PP_user = predictedPrice × (1 + β(M_tags - 1))

Where:

PP_user is the personalized predicted price.
M_tags is a match score between 0 and 2, where 1 represents a neutral match.
β is a tuning parameter that controls the strength of the preference adjustment.

This formula ensures that a perfect match (M_tags = 2) increases the predicted price, while a poor match (M_tags < 1) decreases it. The β parameter allows us to fine-tune the impact of user preferences on the overall ranking.

Step 3: Accounting for Recency and Market Dynamics

The next factor we considered was recency — how long a property had been listed without selling. In real estate, a property that lingers too long on the market usually indicates a mismatch between its listed price and what buyers are willing to pay. We needed a way to reduce the ranking of properties that had been listed for an extended period while preserving the value of fresh listings.

We designed a recency decay curve that starts off gentle, reflecting the reality that properties don't sell immediately. However, after a certain period, the decay accelerates, suggesting that the price is likely too high or the property is less desirable. Our decay formula is:

R = 1 / (1 + γ · [(1 / (1 + exp(-λ · (daysListed - τ))) - 0.5) · (1 + δ · log(1 + |predictedPrice - listedPrice| / listedPrice))])

Where:

γ controls the overall decay.
λ adjusts the steepness of the decay curve.
τ sets when the decay becomes more aggressive (midpoint).
δ tunes the price difference factor.

This formula ensures minimal impact on fresh listings but applies stronger decay as time goes on and price discrepancies become more evident.

Step 4: Good Deal Boost

One of the key innovations in the Samwise algorithm is the Good Deal Boost. We wanted to reward properties that were listed at prices well below their predicted market value. These underpriced listings represent potential bargains, and we needed a way to boost their visibility in the ranking.

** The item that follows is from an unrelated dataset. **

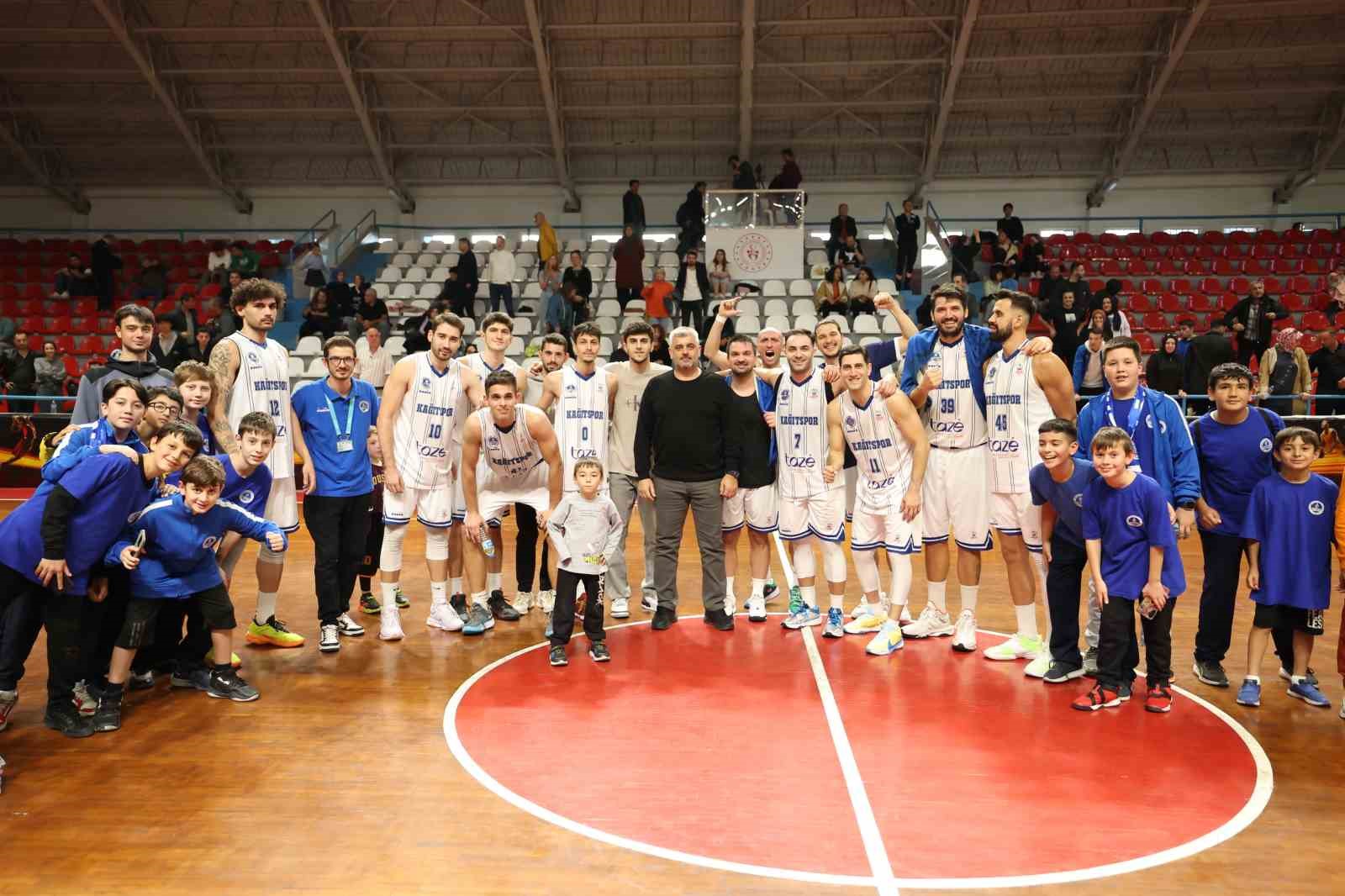 Türkiye Basketbol 2. Ligi: Kocaeli BŞB Kağıtspor: 81 - Çorlu Belediyesi: 71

The formula for applying this boost is:

Boost = 1 + α · max(0, (predictedPrice - listedPrice) / predictedPrice)

Where:

α controls how strong the boost is (typically between 0 and 1).
The boost is only applied when the listed price is below the predicted price.
The boost increases linearly with the percentage difference between predicted and listed prices.

This mechanism ensures that properties with a substantial price gap (e.g., a property listed for €150k but predicted at €250k) get a meaningful boost, while properties listed at or above their predicted price receive no boost.

Step 5: Putting it all together

After working through each of these components, the final ranking formula for Samwise looks like this:

FinalRank = PP_user × R × Boost

Here's how it all works together:

Personalized Predicted Price (PP_user) adjusts the property's predicted price based on how well it fits the user's preferences.
Recency Multiplier (R) applies a time-based decay to reflect how long the property has been listed.
Good Deal Boost rewards properties listed significantly below their predicted price.

This comprehensive ranking system allows Samwise to present users with a personalized, up-to-date list of properties that not only match their preferences but also represent good value in the current market.

By combining these factors, we ensure that:

Users see properties that match their specific needs and preferences.
Fresh listings are given priority, but not at the expense of older listings that might still be good deals.
Potentially underpriced properties are highlighted, giving users the opportunity to find great deals.
The overall ranking adapts to market dynamics and individual user preferences.

The beauty of this algorithm lies in its flexibility and interpretability. Each component has a clear purpose and can be adjusted independently:

The personalization factor (β) controls how much user preferences influence the ranking.
The recency decay parameters (γ, λ, τ, δ) can be tuned to reflect different market conditions and listing lifecycles.
The good deal boost (α) can be adjusted to emphasize or de-emphasize price discrepancies.

This flexible setup means we can keep tweaking and improving our algorithm based on what users tell us and what's happening in the real estate market. Our goal is simple: to help you find your dream home without the hassle. We're always working on making Samwise smarter so it can be your trusty sidekick in your house-hunting adventure!